で、食らったはいいものの、別にその話を誰かとすることもなく、大人の嗜みとして、エモーションは折り畳んでしまい込んだ。あんまりはしたないのも、あれなので。
たぶん、僕みたいな大人はいっぱいいたと思う。
みんな、自分の話と重ね合わせてしまったのだ。
で、僕みたいな大人が劇場公開の報を知った時、やっぱりどうしようか悩んだと思う。
僕も2日くらい悩んで、結局ひとりで映画館に行った。
観客は30人ほど。結構多かった。
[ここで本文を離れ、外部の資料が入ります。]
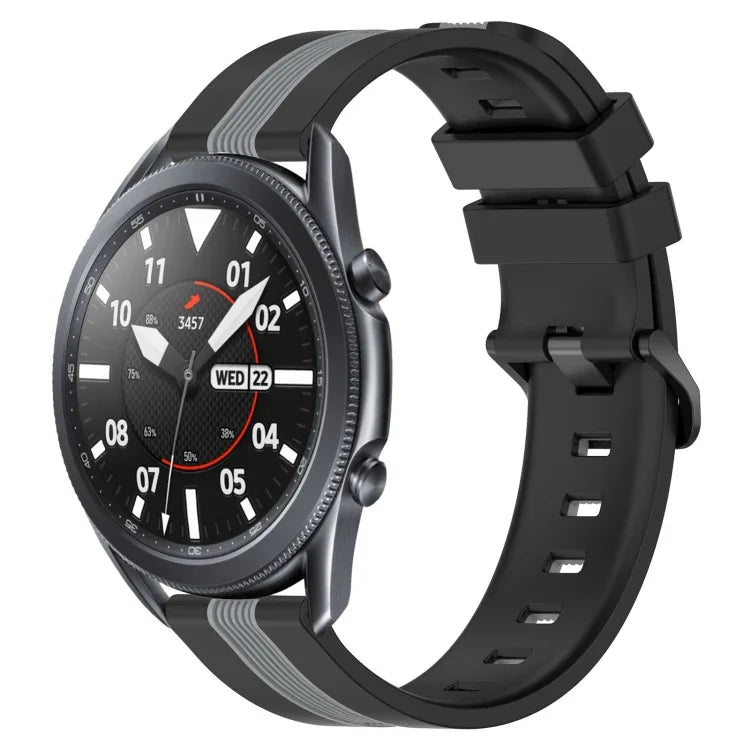 Dây đồng hồ silicone hai màu dọc 22mm, dành cho Samsung Galaxy Watch3 45mm, Samsung Galaxy Watch 46mm, Samsung Gear S3 Classic, Samsung Gear S3 Frontier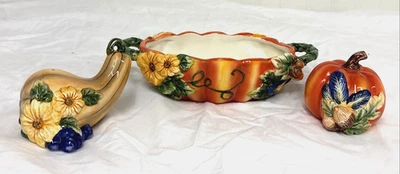 Avon 2003 Harvest Collection Pumpkin Dish & Salt Pepper Shaker–Fall Thanksgiving - Image 1 of 4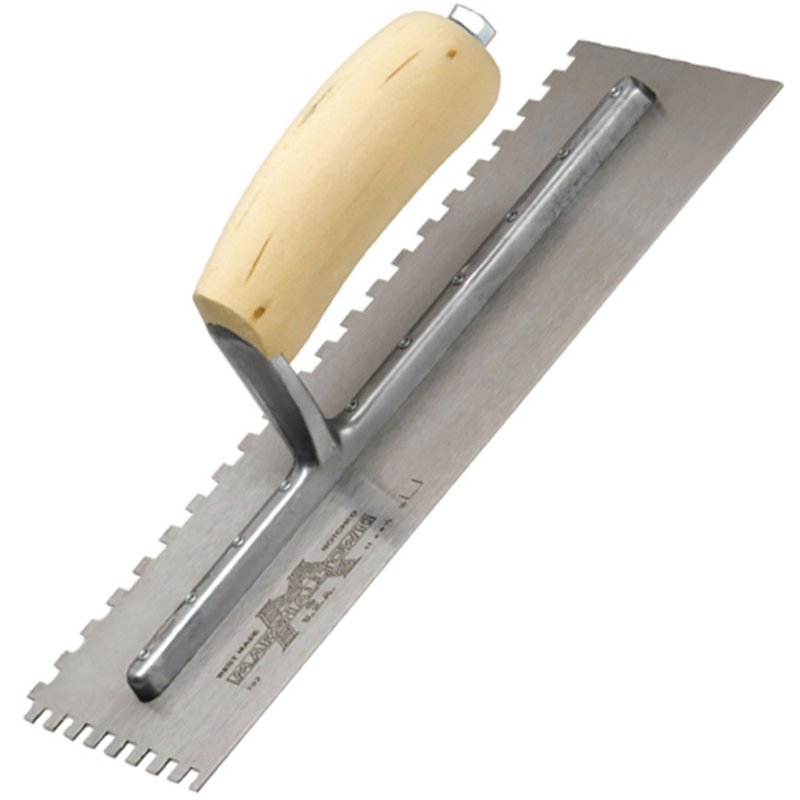 Marshalltown 1/2" Square Notched Trowel Wood Handle : Rollins & Sons ...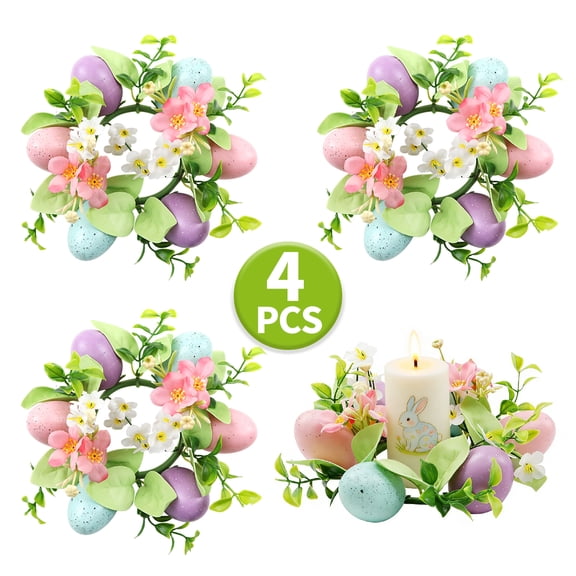 Easter Candle Rings Holder Small Easter Wreaths Spring Egg and Pastel Pip Berry Candle Rings Table Centerpiece for Easter Holiday Party Supplies 4Pack Design 2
カップルは半分以下で、あとはみんな一人だった。
予告が終わると、観客全員の首が上を向いた。
映画が始まる瞬間を、みんなで見た。
今アマプラで見た二回目ほどの感動はなかった。
最初から最後まで、ずっと確認作業をしているみたいだった。映画が終わるまでバカ丁寧に一生懸命あちこちを確認していた。なんだか目が力んでいた。楽しむような感じではなかった。泣かなかった。
エンドロールをみんなで見た。
やっぱりみんな、首が上を向いていた。僕も同じく。
足早に劇場を出ると9時を過ぎていた。
ロビーに座っていると、ほぼ全員、あちこちに座ってスマホに何かを打ち込んでいる。カップルはみんなロビーを通って外に出ていた。そこにまだ居座っているのは、全員一人の客だった。
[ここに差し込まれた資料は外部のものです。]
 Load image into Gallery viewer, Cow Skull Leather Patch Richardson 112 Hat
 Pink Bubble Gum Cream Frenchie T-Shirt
みんな俯いていた。全員の顔にスマホの光が反射していた。
たぶんみんな同じだ。みんなやられて、背中を押し出されるようにして、ここに憑き物を落としにきたのだった。
僕もみんなと同じように俯いて、スマホを点灯させた。
SNSだ。この場で今書かなきゃ意味がない。
映画が良かったのかどうかは、あまり憶えていない。作品としては、二回目のアマプラ鑑賞のほうが断然堪能できた。けれど、劇場であんな体験をしたことは初めてだった。
誰と示し合わせた訳でもないけれど、とにかくあの日、持て余す自分をどうにかするためにそこまで足を運んで、この映画をみんなで見たのだ。そして、みんなで見ることでようやく、確かに憑物はそこに落ちたのだった。